Opening Doors.

By: Rebecca Frager

There is a quotation attributed to Alexander Graham Bell that goes, “When one door closes, another opens; but we often look so long and so regretfully upon the closed door that we do not see the one which has opened for us.”

I haven’t experienced many closed doors in my life, but I have experienced a few.  There was a door that closed for me when my father, Robert, died at the age of 47.  I was 21.  That door never opened again, but I learned to live a life without having the support and wisdom from my father.  What he had given me in my 21 years had to get me through the rest of my life.  And, for the most part, it has served me well.  He was a good father to me, and there was no replacement for him.  No new doors opened when I lost him.

Another door closed when my brother Robert died at the age of 33.  I was 31.  That door never opened again.  I had to continue in my life without having my older brother – my first friend and confidante – to commiserate, reminisce, and laugh with.  No one would ever understand me like he did or be able to share those special bonds that siblings share.  No one could ever replace what we had, but, by then, we had grown apart due to distance and life experiences.  I had opened many new doors to relationships with friends who became as close or even closer than the brother I had lost.

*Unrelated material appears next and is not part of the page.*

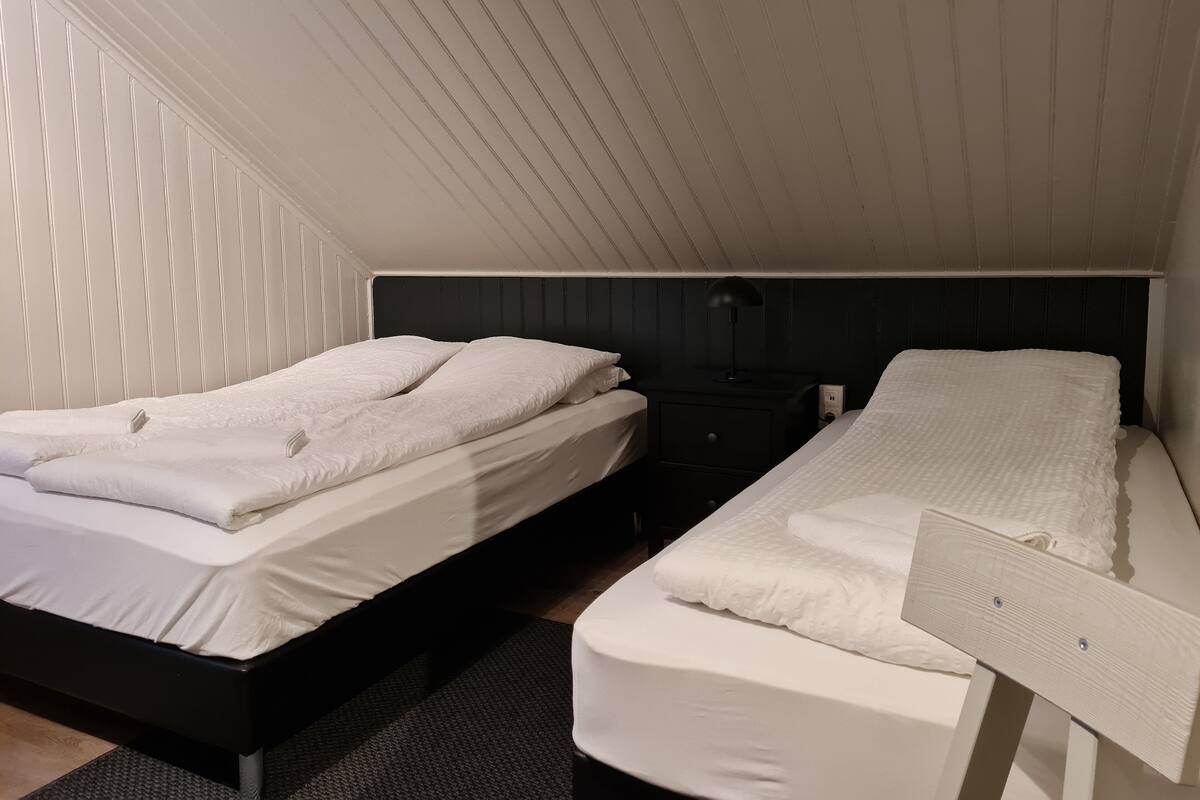 A bedroom with two beds, a nightstand, and a window.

Then, there was the door that didn’t just close – it violently shut on my almost 23-year marriage.  That was a tough one.  I was scared and shaken to my very core.  I married right out of high school and had literally moved from the protection of my father to the protection of my husband.  When his infidelities destroyed our marriage, I felt entirely lost and unsure of what my future would be without him.  But, there were new and amazing doors that opened to me.  I went back to school full time to pursue a degree in English literature and eventually became a librarian.   I met a wonderful man, moved across the country from Boise, Idaho, to Baltimore, Maryland, got married to my husband, Ray Frager, and nearly 18 years later, I am dwelling in an even stronger and more equal marriage.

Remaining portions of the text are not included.